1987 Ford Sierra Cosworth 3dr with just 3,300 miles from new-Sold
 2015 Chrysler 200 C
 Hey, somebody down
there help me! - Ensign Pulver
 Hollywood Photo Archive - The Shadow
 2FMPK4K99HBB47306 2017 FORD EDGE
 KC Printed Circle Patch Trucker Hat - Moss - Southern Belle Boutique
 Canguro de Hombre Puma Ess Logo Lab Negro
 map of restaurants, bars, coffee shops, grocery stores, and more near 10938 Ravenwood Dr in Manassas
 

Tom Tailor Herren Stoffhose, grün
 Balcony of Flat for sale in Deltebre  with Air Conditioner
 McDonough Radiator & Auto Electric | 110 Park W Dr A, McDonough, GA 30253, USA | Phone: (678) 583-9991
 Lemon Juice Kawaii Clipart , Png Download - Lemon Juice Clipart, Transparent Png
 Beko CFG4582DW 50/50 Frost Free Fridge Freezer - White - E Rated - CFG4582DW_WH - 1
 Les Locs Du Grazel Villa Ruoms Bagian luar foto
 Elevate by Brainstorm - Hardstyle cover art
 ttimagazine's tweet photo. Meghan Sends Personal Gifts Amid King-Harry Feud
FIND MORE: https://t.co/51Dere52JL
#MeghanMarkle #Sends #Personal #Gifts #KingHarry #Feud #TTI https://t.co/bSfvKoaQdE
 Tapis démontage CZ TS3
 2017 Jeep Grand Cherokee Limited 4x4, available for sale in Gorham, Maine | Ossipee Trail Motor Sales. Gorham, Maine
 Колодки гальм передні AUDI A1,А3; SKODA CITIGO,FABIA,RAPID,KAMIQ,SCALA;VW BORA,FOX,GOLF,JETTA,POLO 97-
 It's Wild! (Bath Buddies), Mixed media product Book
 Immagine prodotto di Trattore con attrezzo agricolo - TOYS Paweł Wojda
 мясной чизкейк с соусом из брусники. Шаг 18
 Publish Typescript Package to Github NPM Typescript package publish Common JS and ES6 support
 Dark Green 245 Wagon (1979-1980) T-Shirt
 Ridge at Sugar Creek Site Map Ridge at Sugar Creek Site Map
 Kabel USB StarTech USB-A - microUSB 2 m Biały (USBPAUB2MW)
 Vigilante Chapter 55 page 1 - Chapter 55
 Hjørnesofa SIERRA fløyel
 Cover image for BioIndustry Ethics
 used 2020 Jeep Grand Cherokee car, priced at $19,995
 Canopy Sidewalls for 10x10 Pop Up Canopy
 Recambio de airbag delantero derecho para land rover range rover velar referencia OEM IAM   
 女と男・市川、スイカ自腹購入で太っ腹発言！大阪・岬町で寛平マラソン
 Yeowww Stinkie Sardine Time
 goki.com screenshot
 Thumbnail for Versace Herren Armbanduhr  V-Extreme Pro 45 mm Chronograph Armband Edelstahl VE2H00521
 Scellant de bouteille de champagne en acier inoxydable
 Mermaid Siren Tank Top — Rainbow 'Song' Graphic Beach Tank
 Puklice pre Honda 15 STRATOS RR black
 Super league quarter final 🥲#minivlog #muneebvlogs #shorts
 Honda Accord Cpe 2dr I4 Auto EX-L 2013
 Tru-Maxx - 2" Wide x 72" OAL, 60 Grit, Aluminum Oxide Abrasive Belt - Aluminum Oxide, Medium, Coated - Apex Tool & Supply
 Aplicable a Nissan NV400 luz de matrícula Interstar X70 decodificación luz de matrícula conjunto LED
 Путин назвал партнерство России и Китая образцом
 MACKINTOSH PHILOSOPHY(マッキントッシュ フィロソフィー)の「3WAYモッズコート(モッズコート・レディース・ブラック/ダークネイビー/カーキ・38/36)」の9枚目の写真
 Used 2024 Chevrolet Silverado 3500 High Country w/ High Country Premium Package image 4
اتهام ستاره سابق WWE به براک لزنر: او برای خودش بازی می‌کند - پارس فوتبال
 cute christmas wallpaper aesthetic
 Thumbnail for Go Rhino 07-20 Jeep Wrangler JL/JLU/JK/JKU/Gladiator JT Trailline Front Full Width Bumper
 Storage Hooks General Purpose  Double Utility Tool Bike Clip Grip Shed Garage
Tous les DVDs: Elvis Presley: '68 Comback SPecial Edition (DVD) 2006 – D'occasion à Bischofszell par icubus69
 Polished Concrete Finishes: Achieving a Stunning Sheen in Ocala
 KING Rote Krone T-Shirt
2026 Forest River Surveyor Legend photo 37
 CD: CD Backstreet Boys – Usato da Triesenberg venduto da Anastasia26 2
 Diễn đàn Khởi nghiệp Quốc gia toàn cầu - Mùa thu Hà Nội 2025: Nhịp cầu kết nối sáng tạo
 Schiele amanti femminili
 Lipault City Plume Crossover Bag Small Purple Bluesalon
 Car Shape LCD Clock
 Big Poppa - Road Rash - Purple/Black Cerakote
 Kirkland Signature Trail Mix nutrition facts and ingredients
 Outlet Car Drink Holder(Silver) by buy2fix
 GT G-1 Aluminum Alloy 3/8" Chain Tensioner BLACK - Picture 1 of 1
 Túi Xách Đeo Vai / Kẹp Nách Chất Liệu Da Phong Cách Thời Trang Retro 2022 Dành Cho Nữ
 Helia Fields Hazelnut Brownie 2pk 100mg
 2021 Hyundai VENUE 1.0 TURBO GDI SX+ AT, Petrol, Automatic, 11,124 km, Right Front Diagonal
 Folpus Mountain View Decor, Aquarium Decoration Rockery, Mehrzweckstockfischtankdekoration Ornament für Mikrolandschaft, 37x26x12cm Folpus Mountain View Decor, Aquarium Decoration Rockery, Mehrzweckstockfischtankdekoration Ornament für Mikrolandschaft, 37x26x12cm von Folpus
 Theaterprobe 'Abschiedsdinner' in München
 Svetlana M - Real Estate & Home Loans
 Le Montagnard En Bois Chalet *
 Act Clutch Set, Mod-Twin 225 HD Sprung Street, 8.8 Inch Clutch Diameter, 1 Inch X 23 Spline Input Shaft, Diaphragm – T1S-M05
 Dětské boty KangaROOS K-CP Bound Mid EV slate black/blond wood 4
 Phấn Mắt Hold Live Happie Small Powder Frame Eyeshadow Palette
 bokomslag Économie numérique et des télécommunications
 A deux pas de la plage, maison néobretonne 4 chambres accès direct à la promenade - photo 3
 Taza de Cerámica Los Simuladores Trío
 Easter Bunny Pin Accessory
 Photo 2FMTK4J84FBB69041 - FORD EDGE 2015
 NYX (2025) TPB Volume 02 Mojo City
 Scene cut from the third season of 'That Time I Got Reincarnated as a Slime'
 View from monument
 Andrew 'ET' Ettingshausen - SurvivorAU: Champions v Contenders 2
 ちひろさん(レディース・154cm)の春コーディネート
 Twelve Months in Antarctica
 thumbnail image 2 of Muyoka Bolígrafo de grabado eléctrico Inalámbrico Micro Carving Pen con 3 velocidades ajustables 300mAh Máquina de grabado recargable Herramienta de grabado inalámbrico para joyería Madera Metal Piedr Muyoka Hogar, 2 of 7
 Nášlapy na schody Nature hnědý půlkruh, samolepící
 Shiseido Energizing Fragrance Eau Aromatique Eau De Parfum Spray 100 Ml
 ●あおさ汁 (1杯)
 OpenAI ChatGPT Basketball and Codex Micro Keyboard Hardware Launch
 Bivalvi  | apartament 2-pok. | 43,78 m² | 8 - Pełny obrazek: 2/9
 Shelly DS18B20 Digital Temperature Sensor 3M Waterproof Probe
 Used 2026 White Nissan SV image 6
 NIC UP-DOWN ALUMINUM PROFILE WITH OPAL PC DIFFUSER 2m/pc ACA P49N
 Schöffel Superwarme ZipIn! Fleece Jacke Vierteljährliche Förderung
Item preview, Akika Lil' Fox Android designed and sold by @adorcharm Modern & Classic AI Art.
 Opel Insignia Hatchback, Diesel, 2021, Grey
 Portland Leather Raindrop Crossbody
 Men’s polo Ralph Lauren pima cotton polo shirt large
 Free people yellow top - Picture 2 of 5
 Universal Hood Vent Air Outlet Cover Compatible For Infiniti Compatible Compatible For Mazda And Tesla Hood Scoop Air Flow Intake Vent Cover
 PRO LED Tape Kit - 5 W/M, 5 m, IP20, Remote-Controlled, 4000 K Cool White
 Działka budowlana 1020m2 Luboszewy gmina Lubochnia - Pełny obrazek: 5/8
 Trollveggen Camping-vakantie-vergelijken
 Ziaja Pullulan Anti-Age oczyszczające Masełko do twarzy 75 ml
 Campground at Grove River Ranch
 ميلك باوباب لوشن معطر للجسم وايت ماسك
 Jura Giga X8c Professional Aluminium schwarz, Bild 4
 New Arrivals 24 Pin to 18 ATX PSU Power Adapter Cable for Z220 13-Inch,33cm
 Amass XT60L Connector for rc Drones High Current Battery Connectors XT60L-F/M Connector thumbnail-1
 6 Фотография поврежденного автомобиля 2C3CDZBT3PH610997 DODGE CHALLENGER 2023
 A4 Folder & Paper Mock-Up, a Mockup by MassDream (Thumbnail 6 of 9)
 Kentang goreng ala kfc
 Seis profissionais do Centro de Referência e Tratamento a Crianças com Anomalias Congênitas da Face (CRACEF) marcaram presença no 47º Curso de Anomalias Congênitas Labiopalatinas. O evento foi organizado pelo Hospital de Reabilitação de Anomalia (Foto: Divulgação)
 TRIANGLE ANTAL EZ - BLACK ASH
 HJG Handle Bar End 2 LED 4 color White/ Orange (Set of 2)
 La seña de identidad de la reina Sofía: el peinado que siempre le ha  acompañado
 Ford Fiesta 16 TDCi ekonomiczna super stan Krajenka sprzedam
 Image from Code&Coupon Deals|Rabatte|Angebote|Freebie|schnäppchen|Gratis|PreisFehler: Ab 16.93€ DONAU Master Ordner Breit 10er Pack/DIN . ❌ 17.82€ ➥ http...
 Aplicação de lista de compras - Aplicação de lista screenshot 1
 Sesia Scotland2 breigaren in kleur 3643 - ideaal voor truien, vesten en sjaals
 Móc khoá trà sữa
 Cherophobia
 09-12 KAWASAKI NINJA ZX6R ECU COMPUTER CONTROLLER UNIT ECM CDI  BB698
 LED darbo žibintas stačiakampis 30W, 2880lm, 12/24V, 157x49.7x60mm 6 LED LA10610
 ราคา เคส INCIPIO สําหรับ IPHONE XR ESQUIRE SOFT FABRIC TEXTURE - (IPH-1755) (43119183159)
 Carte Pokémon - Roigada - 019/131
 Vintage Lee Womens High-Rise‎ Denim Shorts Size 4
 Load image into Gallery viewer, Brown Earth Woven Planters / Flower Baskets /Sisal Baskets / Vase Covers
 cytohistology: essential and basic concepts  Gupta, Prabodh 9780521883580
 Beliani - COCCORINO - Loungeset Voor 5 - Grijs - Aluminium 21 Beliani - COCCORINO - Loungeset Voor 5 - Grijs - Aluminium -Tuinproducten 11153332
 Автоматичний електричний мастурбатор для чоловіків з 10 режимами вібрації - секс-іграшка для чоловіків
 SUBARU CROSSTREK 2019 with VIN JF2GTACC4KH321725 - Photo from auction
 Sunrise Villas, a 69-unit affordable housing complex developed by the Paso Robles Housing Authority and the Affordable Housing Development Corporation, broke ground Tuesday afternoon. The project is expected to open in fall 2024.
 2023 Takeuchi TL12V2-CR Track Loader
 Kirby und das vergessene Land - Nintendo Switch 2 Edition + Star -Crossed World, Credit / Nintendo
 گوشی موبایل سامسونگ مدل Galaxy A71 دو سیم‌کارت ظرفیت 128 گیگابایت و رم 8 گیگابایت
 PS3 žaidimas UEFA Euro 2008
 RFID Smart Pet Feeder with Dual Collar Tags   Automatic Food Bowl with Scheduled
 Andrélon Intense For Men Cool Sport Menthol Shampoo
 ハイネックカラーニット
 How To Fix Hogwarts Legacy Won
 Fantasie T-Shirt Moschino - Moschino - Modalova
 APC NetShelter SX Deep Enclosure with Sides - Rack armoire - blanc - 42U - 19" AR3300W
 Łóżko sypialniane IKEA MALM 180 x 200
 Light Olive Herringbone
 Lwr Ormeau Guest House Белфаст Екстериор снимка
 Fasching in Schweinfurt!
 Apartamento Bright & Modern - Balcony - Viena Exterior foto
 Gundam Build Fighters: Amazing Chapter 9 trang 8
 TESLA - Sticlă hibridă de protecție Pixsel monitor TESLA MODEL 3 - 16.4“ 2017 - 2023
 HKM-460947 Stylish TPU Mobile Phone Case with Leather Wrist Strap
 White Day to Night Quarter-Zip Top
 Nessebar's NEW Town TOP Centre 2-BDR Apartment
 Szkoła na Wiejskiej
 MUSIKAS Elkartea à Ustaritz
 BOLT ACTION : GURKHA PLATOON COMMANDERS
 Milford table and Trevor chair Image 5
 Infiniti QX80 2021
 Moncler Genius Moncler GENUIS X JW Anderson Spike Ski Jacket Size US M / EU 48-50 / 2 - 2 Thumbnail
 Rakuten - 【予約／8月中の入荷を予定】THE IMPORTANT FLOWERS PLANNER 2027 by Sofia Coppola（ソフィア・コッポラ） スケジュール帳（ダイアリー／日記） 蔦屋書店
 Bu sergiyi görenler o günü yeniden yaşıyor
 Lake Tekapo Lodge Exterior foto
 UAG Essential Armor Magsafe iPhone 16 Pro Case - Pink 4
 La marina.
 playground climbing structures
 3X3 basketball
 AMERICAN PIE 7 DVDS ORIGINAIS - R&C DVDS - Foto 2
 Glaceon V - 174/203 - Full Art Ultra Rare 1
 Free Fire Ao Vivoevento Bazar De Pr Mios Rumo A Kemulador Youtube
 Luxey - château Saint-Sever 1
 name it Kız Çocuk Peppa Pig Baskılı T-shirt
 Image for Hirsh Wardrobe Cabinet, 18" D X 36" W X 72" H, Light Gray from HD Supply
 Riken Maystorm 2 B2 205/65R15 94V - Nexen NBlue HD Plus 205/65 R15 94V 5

= = = = =

_PROBLEM TO WORK ON_
Reproducing the whole listing above is not the task. Copy exactly only the lines from the one with "Rakuten - 【予約／8月中の入荷を予定】THE" to the one with "3X3 basketball", both kept.

_PROBLEM SOLUTION_
 Rakuten - 【予約／8月中の入荷を予定】THE IMPORTANT FLOWERS PLANNER 2027 by Sofia Coppola（ソフィア・コッポラ） スケジュール帳（ダイアリー／日記） 蔦屋書店
 Bu sergiyi görenler o günü yeniden yaşıyor
 Lake Tekapo Lodge Exterior foto
 UAG Essential Armor Magsafe iPhone 16 Pro Case - Pink 4
 La marina.
 playground climbing structures
 3X3 basketball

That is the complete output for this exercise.